INFORMATION SHOWN ▸
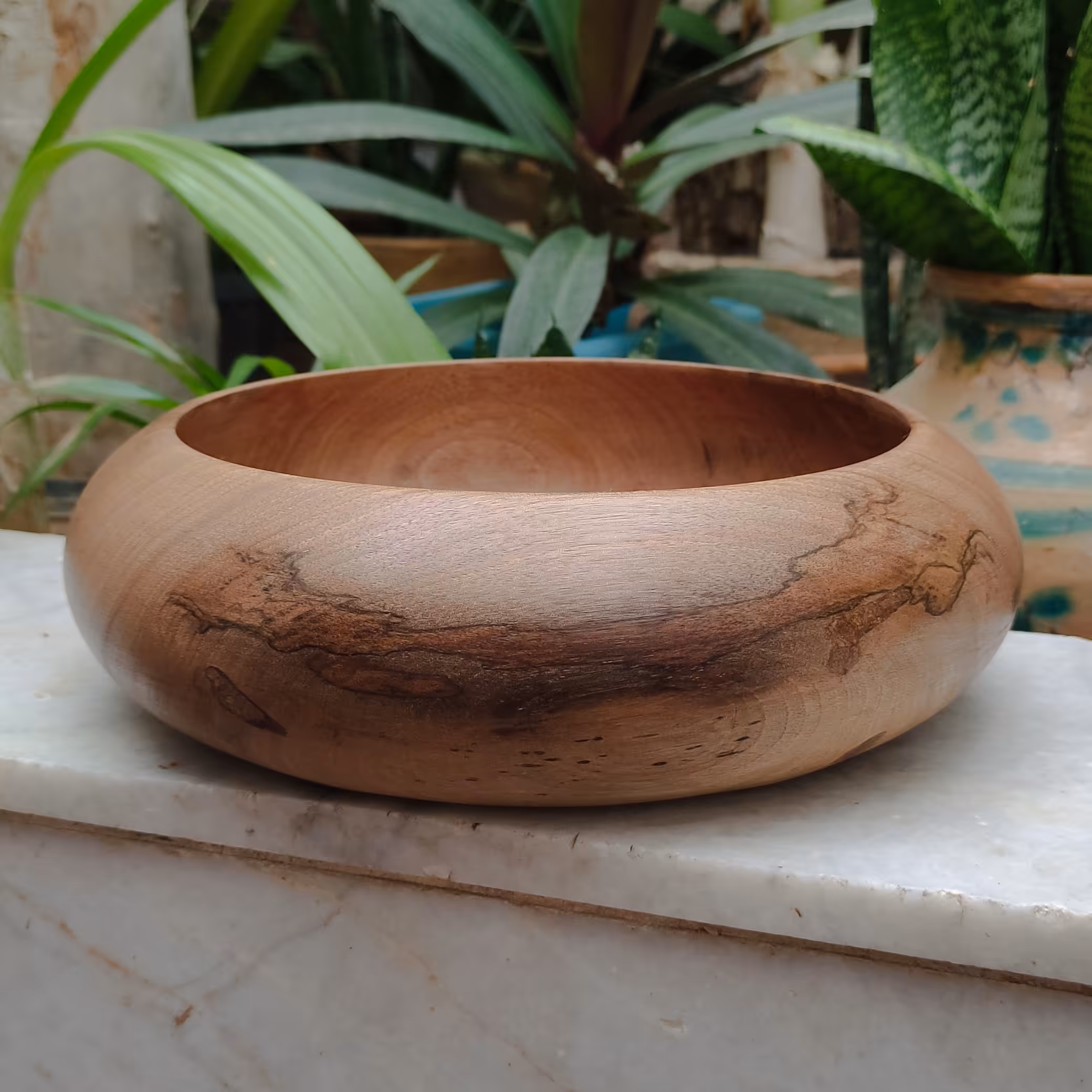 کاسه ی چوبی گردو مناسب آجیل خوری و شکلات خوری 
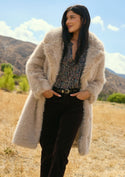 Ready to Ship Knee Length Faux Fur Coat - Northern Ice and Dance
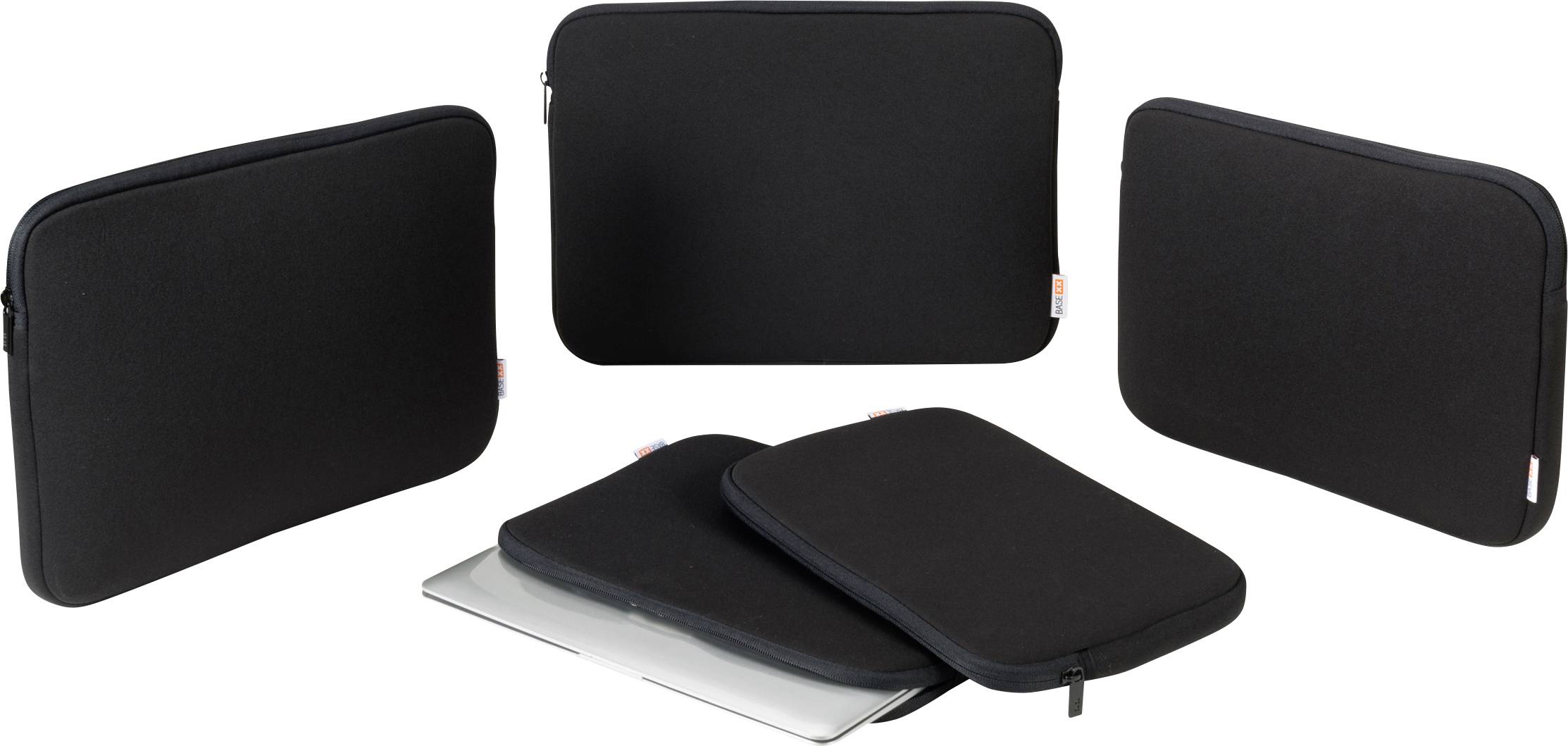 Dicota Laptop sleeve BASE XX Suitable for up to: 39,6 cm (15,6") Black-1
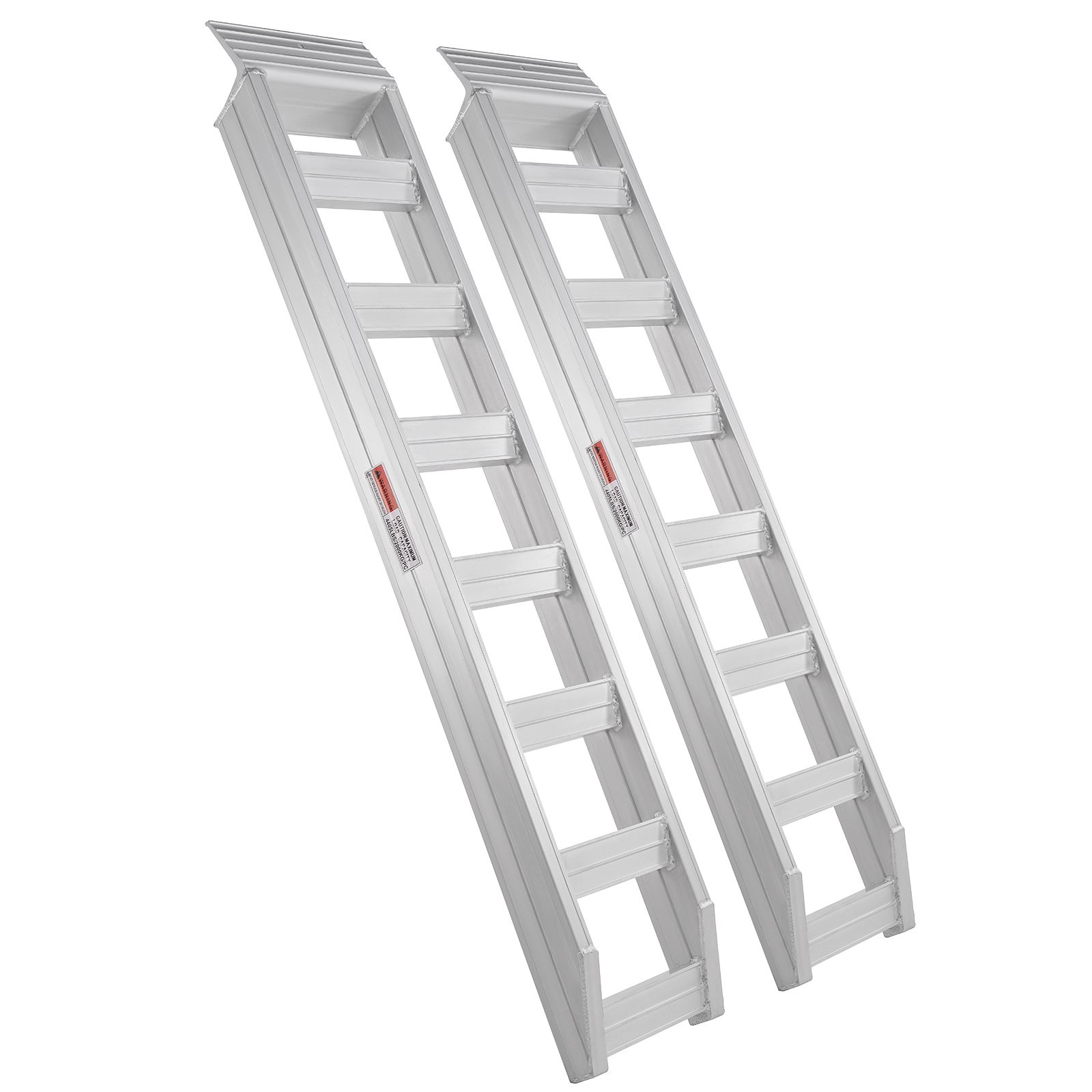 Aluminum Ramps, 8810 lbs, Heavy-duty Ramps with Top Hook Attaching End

---

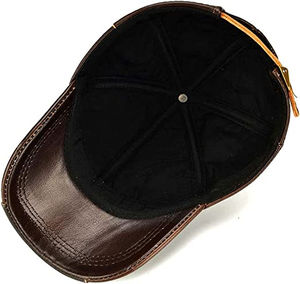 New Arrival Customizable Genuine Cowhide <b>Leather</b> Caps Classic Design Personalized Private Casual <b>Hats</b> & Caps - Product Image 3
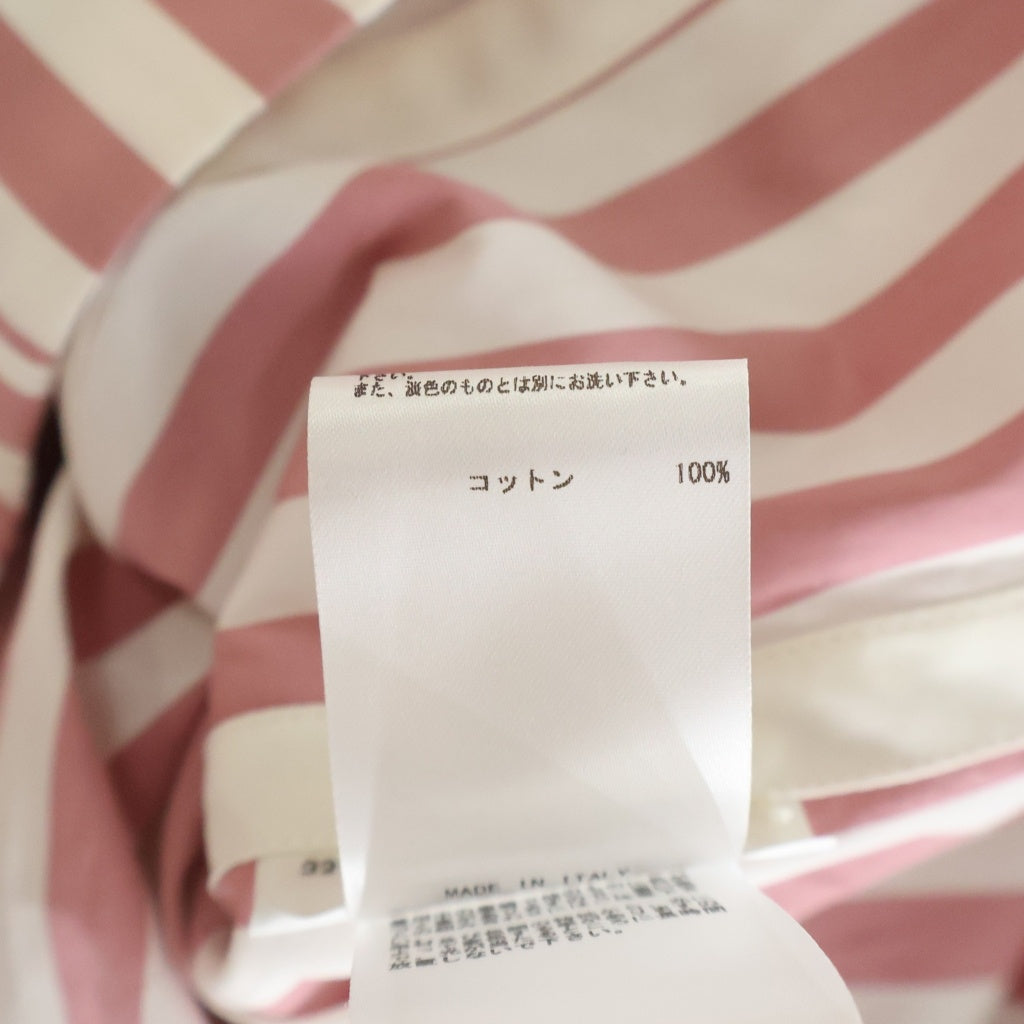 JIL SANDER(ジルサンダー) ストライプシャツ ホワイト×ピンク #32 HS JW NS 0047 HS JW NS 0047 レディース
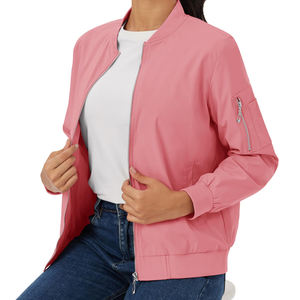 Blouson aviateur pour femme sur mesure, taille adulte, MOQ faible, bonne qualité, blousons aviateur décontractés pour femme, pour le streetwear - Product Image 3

WHAT IS REQUIRED ▸ Leave the pictures out, and transcribe exactly the lines above starting at the one that contains "Ready to Ship" and ending at the one that contains "Aluminum Ramps, 8810".

ANSWER SECTION ▸
 Ready to Ship Knee Length Faux Fur Coat - Northern Ice and Dance
 Dicota Laptop sleeve BASE XX Suitable for up to: 39,6 cm (15,6") Black-1
 Aluminum Ramps, 8810 lbs, Heavy-duty Ramps with Top Hook Attaching End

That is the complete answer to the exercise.